DocsGitHub7

Pipeline Lineage

Moose Lineage Manifest

The lineage manifest is a static description of a pipeline's systems and data flow. It lives under the implementation directory at moose/lineage.manifest.json (preferred) or lineage/manifest.json.

For full details on entity and relationship types, see the sections below.

Entities (Nodes)

Each node has: id, type, name, namespace, version, attrs.

  • Allowed types: connector, ingest_api, stream, dlq, transform, sync, table, materialized_view, external_table, consumption_api, openapi_spec, client, workflow
  • Required attrs per type (minimal):
    • connector: { mode: "webhook"|"etl"|"cdc", schema_hash }
    • ingest_api: { route, version, auth: { method: "jwt"|"api_key"|"none", audience?: string } }
    • stream: { partitions, retention_seconds }
    • dlq: { backing: "stream"|"table" }
    • transform: { code_ref: { repo, path, commit, line? }, dlq?: nodeId }
    • sync: { semantics: "at_least_once", flush: { rows?, interval_ms? }, offset_tracking: true }
    • table: { physical_name, engine, order_by, deduplicate?: boolean }
    • materialized_view: { target_table, select_from: string[] }
    • external_table: { provider: "clickpipes"|"debezium"|"aws_dms", lifecycle: "externally_managed" }
    • consumption_api: { route, query_spec: { params_schema_ref, tables_referenced: string[] }, auth }
    • openapi_spec: { path: ".moose/openapi.yaml" }
    • client: { kind: "dashboard"|"service"|"agent", sdk?: { language, version } }
    • workflow: { kind: "workflow"|"task", schedule?: string }

Recommended extras for connector nodes:

  • connector: { name, version?, author?, language?, implementation? }
  • identifier (e.g., GA4 property properties/1234)
  • schema_path (repo-relative path to a relevant schema file)

Relationships (Edges)

Each edge has: from, to, type, attrs.

  • Allowed types: produces, publishes, dead_letters_to, transforms, emits, syncs_to, writes, derives, reads, queries, serves, documents, triggers, backfills, retries_from
  • Common edge attrs (optional):
    • schema_from_hash, schema_to_hash
    • privacy_tags: string[] (e.g., ["pii_email","pii_phone"])
    • policy: { retention_days?, encryption?: "at_rest"|"none" }

Source of truth for types

Runtime types live in packages/models/src/lineage.ts.
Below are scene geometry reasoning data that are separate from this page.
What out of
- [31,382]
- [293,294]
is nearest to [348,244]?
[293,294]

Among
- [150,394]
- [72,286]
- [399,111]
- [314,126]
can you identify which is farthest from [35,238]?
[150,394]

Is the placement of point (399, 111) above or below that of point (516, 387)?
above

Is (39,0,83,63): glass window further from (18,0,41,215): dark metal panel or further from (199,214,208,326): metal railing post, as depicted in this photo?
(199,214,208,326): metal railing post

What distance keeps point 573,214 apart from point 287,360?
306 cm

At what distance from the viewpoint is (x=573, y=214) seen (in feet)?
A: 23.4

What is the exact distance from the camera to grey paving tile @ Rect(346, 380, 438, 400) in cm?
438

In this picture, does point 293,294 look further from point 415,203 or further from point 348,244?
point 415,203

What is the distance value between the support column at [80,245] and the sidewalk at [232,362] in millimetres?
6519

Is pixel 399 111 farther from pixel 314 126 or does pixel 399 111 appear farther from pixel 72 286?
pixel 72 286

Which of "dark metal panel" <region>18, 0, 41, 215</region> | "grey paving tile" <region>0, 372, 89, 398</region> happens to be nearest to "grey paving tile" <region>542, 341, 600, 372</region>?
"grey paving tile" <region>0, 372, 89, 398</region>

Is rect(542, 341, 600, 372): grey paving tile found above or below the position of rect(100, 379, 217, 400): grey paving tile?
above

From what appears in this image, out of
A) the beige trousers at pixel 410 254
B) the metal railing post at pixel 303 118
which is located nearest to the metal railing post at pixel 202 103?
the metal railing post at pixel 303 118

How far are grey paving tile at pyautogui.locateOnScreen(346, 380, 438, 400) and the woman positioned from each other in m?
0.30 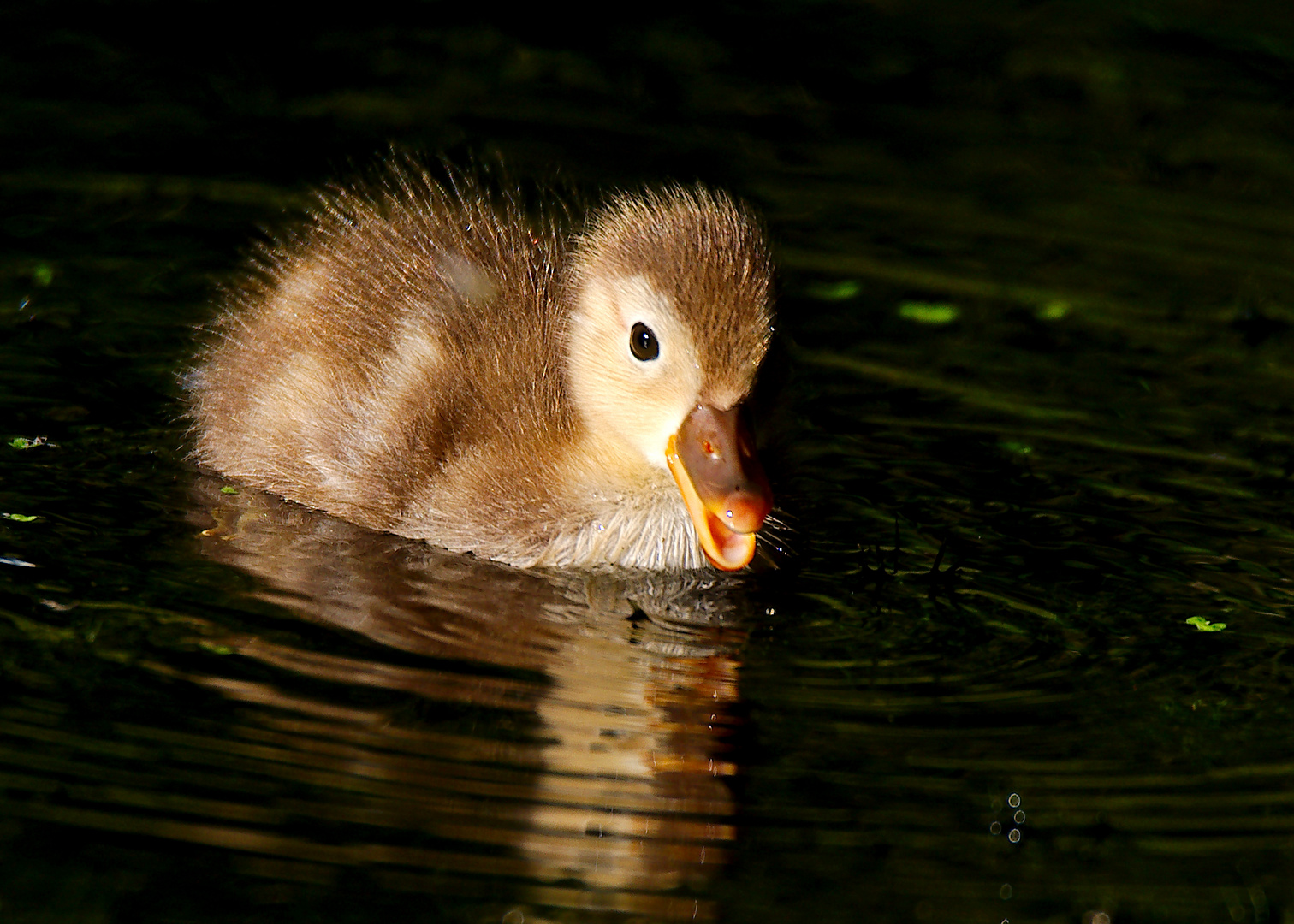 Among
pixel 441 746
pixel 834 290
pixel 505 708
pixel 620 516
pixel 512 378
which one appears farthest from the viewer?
pixel 834 290

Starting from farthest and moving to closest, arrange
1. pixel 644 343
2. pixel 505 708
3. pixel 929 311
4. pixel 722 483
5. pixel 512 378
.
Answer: pixel 929 311
pixel 512 378
pixel 644 343
pixel 722 483
pixel 505 708

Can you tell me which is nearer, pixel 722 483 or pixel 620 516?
pixel 722 483

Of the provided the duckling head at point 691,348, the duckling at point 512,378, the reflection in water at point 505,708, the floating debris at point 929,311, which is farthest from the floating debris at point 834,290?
the reflection in water at point 505,708

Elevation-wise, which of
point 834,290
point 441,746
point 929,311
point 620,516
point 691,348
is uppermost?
point 834,290

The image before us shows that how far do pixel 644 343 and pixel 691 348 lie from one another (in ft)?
0.63

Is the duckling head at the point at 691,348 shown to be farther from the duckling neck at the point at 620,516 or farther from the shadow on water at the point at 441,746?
the shadow on water at the point at 441,746

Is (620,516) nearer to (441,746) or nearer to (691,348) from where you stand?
(691,348)

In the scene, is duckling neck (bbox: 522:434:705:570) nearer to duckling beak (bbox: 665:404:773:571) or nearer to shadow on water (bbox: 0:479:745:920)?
shadow on water (bbox: 0:479:745:920)

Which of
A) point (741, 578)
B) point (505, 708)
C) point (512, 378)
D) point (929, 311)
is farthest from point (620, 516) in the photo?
point (929, 311)

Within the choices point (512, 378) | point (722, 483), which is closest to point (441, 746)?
point (722, 483)

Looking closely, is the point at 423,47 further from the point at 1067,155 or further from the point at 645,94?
the point at 1067,155

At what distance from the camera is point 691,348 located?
5199 mm

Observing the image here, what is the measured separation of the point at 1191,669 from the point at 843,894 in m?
1.48

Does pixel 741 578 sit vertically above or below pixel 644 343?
below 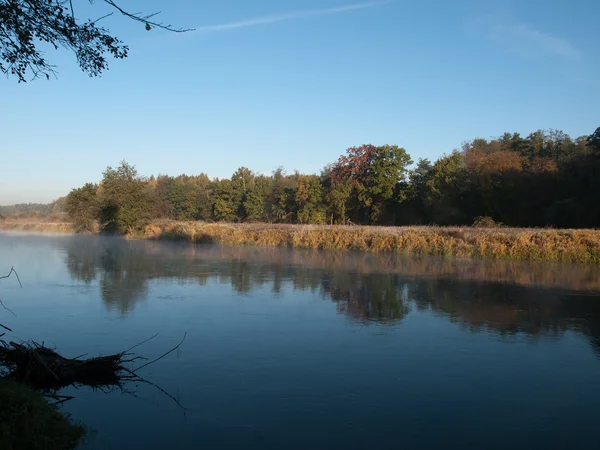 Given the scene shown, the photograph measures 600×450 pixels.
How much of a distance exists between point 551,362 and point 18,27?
27.2ft

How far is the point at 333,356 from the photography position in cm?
769

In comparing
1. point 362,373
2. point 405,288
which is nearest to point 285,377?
point 362,373

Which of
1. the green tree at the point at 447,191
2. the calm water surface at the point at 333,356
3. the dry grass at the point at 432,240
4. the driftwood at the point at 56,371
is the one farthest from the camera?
the green tree at the point at 447,191

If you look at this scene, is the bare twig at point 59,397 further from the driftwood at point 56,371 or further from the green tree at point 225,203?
the green tree at point 225,203

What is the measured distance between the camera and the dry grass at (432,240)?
21469mm

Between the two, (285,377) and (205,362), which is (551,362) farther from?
(205,362)

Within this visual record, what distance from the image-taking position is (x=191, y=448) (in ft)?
15.8

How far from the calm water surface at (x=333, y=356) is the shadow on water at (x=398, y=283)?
0.09 meters

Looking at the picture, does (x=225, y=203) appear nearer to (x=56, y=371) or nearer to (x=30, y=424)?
(x=56, y=371)

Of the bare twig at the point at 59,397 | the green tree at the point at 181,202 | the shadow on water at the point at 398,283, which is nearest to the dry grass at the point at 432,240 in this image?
the shadow on water at the point at 398,283

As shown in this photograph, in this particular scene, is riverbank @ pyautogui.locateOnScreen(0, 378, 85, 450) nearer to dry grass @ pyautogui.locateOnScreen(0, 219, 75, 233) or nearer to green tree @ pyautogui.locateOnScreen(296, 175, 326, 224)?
green tree @ pyautogui.locateOnScreen(296, 175, 326, 224)

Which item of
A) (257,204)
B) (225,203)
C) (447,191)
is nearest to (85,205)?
(225,203)

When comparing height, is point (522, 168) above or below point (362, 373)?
above

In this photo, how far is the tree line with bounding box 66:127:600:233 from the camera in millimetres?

Keep docs and scaffolds in sync with these types.

Understanding Lineage

Data lineage tracks the flow of data through your pipeline, providing visibility into:

  • Where data originates (source systems)
  • How data is transformed
  • Where data lands (destination systems)
  • Dependencies between data elements

Lineage Manifest

Each pipeline includes a lineage manifest that describes the data flow:

{
  "nodes": [
    {
      "id": "ga-source",
      "type": "source",
      "name": "Google Analytics",
      "namespace": "google-analytics",
      "version": "v4"
    },
    {
      "id": "transform-1",
      "type": "transformation",
      "name": "Normalize Events",
      "namespace": "pipeline"
    },
    {
      "id": "clickhouse-dest",
      "type": "destination", 
      "name": "ClickHouse Analytics",
      "namespace": "clickhouse"
    }
  ],
  "edges": [
    {
      "from": "ga-source",
      "to": "transform-1",
      "type": "data_flow"
    },
    {
      "from": "transform-1",
      "to": "clickhouse-dest",
      "type": "data_flow"
    }
  ]
}

Generating Lineage Diagrams

Use the provided scripts to generate visual lineage diagrams:

# Generate Mermaid diagram
pnpm run generate:lineage:mermaid

# Generate SVG diagram
pnpm run generate:lineage:svg

# Generate interactive visualization
pnpm run generate:lineage:interactive

Lineage Schema References

Pipelines can reference connector schemas to build complete lineage:

{
  "datasets": [
    {
      "kind": "pointer",
      "name": "GA Events",
      "connector": {
        "name": "google-analytics",
        "version": "v4",
        "author": "514-labs",
        "language": "typescript"
      }
    }
  ]
}

Benefits of Lineage Tracking

  • Impact analysis - Understand downstream effects of changes
  • Debugging - Trace data issues to their source
  • Compliance - Document data flows for regulatory requirements
  • Documentation - Auto-generated visual documentation